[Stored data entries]
▼▼▼
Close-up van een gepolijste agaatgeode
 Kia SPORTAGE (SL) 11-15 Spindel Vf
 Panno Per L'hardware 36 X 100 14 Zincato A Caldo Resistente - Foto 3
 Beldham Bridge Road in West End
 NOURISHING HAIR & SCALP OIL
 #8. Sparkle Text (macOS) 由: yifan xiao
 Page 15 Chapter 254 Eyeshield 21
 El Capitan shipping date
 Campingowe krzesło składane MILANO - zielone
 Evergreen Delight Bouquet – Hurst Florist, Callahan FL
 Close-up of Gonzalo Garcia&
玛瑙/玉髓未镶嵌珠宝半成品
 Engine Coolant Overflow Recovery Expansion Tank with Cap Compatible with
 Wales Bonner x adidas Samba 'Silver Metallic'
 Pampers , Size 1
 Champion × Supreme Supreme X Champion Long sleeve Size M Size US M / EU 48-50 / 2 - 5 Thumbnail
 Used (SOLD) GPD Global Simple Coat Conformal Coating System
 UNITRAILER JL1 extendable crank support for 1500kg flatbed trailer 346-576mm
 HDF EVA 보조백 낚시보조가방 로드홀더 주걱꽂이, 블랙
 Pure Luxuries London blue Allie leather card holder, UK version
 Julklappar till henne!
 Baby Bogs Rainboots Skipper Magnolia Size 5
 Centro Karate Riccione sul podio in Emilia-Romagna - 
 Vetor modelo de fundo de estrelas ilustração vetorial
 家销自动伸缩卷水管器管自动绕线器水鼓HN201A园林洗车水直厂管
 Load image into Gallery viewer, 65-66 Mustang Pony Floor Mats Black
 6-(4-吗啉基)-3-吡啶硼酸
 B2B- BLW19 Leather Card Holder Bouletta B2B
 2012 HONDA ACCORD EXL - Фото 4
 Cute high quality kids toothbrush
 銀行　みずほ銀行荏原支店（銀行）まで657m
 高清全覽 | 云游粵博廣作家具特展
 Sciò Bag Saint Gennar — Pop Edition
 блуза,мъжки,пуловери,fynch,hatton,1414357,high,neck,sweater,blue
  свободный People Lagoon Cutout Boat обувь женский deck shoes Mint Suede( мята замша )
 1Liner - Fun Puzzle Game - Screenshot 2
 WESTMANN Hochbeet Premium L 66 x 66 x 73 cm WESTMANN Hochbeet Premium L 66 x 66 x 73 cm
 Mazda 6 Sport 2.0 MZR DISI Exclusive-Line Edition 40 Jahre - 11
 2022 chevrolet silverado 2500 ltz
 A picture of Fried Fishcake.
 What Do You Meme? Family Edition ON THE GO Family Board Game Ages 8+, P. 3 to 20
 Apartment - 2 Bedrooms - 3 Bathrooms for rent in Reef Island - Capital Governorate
▲▲▲
EXERCISE BRIEF
After locating the line holding "家销自动伸缩卷水管器管自动绕线器水鼓HN201A园林洗车水直厂管" above, output exactly that line and every line after it through the line holding "WESTMANN Hochbeet Premium L 66 x 66 x 73 cm WESTMANN". Include nothing else.

WRITTEN ANSWER
 家销自动伸缩卷水管器管自动绕线器水鼓HN201A园林洗车水直厂管
 Load image into Gallery viewer, 65-66 Mustang Pony Floor Mats Black
 6-(4-吗啉基)-3-吡啶硼酸
 B2B- BLW19 Leather Card Holder Bouletta B2B
 2012 HONDA ACCORD EXL - Фото 4
 Cute high quality kids toothbrush
 銀行　みずほ銀行荏原支店（銀行）まで657m
 高清全覽 | 云游粵博廣作家具特展
 Sciò Bag Saint Gennar — Pop Edition
 блуза,мъжки,пуловери,fynch,hatton,1414357,high,neck,sweater,blue
  свободный People Lagoon Cutout Boat обувь женский deck shoes Mint Suede( мята замша )
 1Liner - Fun Puzzle Game - Screenshot 2
 WESTMANN Hochbeet Premium L 66 x 66 x 73 cm WESTMANN Hochbeet Premium L 66 x 66 x 73 cm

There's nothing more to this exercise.